ECLI:NL:RBHAA:2007:AZ7523
Rechtbank Haarlem
- Voorlopige voorziening
- Rechtspraak.nl
Ontheffing voor wijziging waterpeil en belangenafweging in bestuursrechtelijke context
In deze zaak heeft de voorzieningenrechter van de Rechtbank Haarlem op 25 januari 2007 uitspraak gedaan over een verzoek om een voorlopige voorziening met betrekking tot een ontheffing voor het wijzigen van waterpeilen. De verzoeker, een agrariër, had bezwaar gemaakt tegen een besluit van het college van dijkgraaf en hoogheemraden van Hoogheemraadschap Hollands Noorderkwartier, dat ontheffing verleende voor het uitvoeren van inrichtingswerkzaamheden in het kader van de ruilverkaveling De Gouw. De verzoeker stelde dat de vaststelling van het waterpeil niet correct was en dat er onvoldoende rekening was gehouden met zijn belangen.
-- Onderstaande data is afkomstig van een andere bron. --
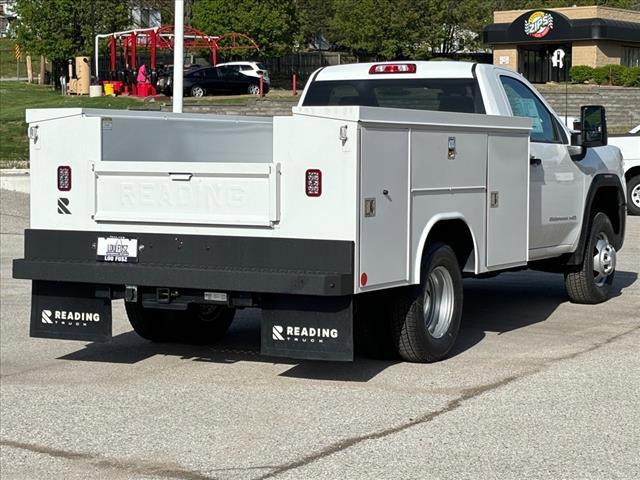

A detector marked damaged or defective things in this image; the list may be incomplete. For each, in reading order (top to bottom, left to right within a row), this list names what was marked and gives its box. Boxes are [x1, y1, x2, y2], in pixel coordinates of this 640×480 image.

De voorzieningenrechter overwoog dat op basis van artikel 8:81 van de Algemene wet bestuursrecht een voorlopige voorziening kan worden getroffen indien onverwijlde spoed dat vereist. De rechter concludeerde dat er geen grond was voor de stelling van de verzoeker dat er een formeel peilbesluit genomen had moeten worden. De ontheffing werd gezien als een tijdelijke oplossing voor een praktisch probleem, waarbij de belangen van de verzoeker tegen de waterhuishoudkundige belangen werden afgewogen.
De rechter oordeelde dat de motivering van de verweerder voor de wijziging van het waterpeil niet onredelijk was en dat de verzoeker onvoldoende aannemelijk had gemaakt waarom een lager peil dan -2.50 meter noodzakelijk was. De voorzieningenrechter wees het verzoek om een voorlopige voorziening af, omdat er geen spoedeisend belang was aangetoond en de verzoeker geen argumenten had aangedragen die de gevraagde wijziging onderbouwden. De uitspraak benadrukt de noodzaak van een zorgvuldige belangenafweging in bestuursrechtelijke procedures.